When the mixture is boiling, cover the pot and set it in the oven. Cook 1 hour and then check the water level.  The beans should be just below the water line; if not, add more boiling water. Cover and return to oven. Cook another hour and then taste a bean for tenderness. If the bean still has a bite to it, continue cooking until beans are tender. This should take about 2 total hours, but if your beans are ancient, you may need to cook longer, adding boiling water if necessary.

When the beans are tender, stir in the remaining onions/celery/bell pepper, tomato paste, Worcestershire sauce, and hot sauce. Return to a boil on the stove, and turn heat down to a slow simmer. Cook, partially covered, another 30-60 minutes. For even creamier beans, you can also mash some of the beans using a wooden spoon. Taste; you'll probably need to add more salt. Start with 1/2 teaspoon and add more if necessary. You can also season with additional Worcestershire and/or hot sauce, 1/2 teaspoon at a time.

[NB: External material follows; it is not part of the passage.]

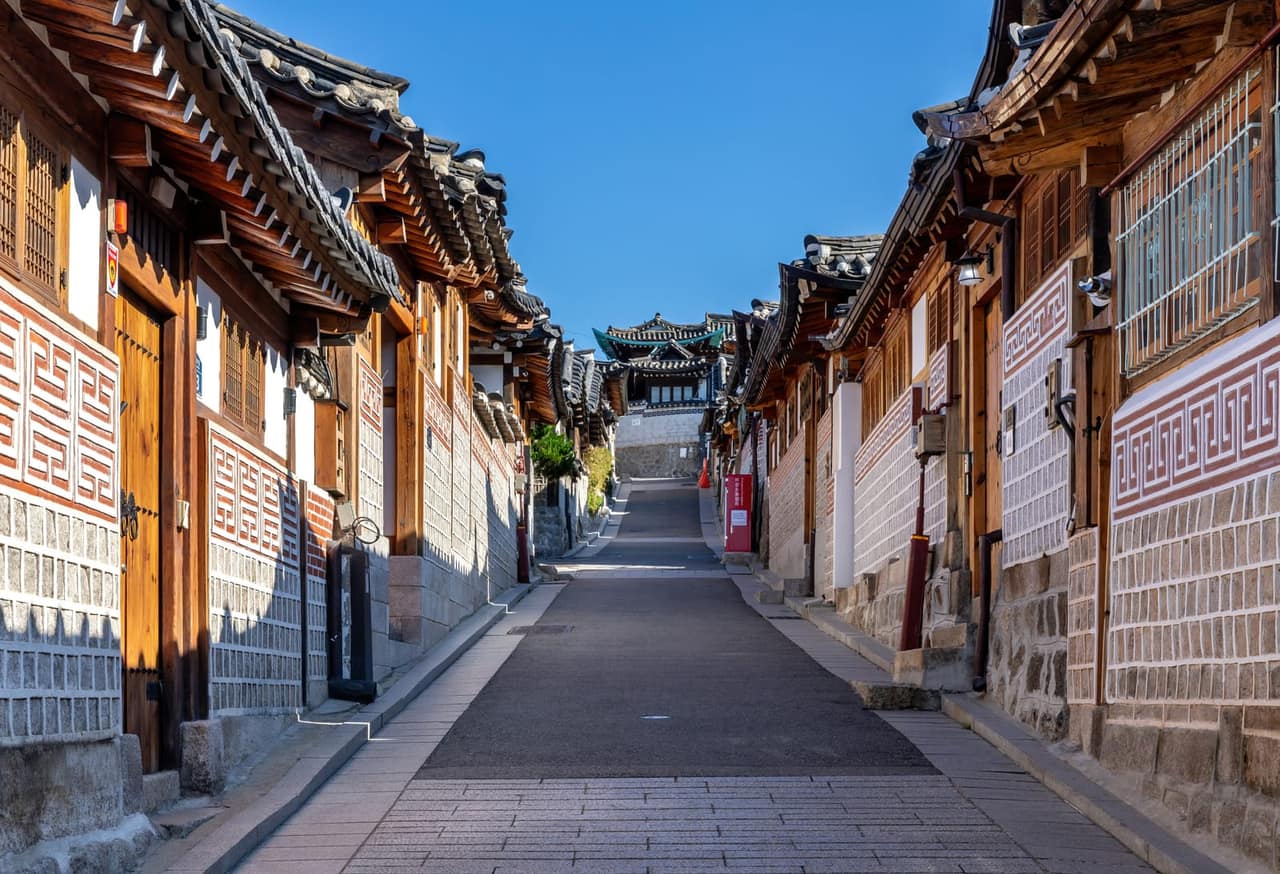 Hanok houses along Bukchon-ro 11-gil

Serve over hot rice, garnished with parsley, grated cheese, and green onions. Pass extra hot sauce at the table.

More traditional, meat-laden rice beans and rice: If you'd like, begin by browning 1/2 cup chopped andouille sausage. Once browned, proceed by sweating half of the vegetables. You will want to cut back on the salt, cayenne and hot sauce, depending on how seasoned your sausage is. Proceed as normal, otherwise. And for a richer, more savory version, you could also simmer smoked meat, such as a small ham hock, with the beans. Add an additional 1-2 cups of water to the beans, along with the ham hock, and wait to add salt until the end.


Lan said...

Hi honey,
It sounds healthy and delicious.I wish that your father and Lynh would eat it.It's kind of taxing that here we have 3 people in the same household with 3 radically different food preferences: Mexican, Vietnamese and LFJ cuisine.GTG

Liz in DC said...

This inspired me to make red beans and rice tonight, and because I had all the ingredients on hand besides ham hocks/andouille, ours will be meatless too. It smells/looks awesome! Which hot sauce do you use for this? I really recommend Marie Sharp's habanero hot sauce, if you haven't already tried it!

Mark said...

Thanks for the hot sauce recommendation. I'll look for it! we always use Crystal on red beans and rice -- it's more peppery than vinegary.

Alex said...

I made beans from scratch using this recipe (for the first time ever). Everyone loved it! From picky kids who especially appreciated the cheese to my wife who loves beans to our neighbor who drowned his in hot sauce. I found this blog while randomly googling and am now looking forward to trying other recipes now.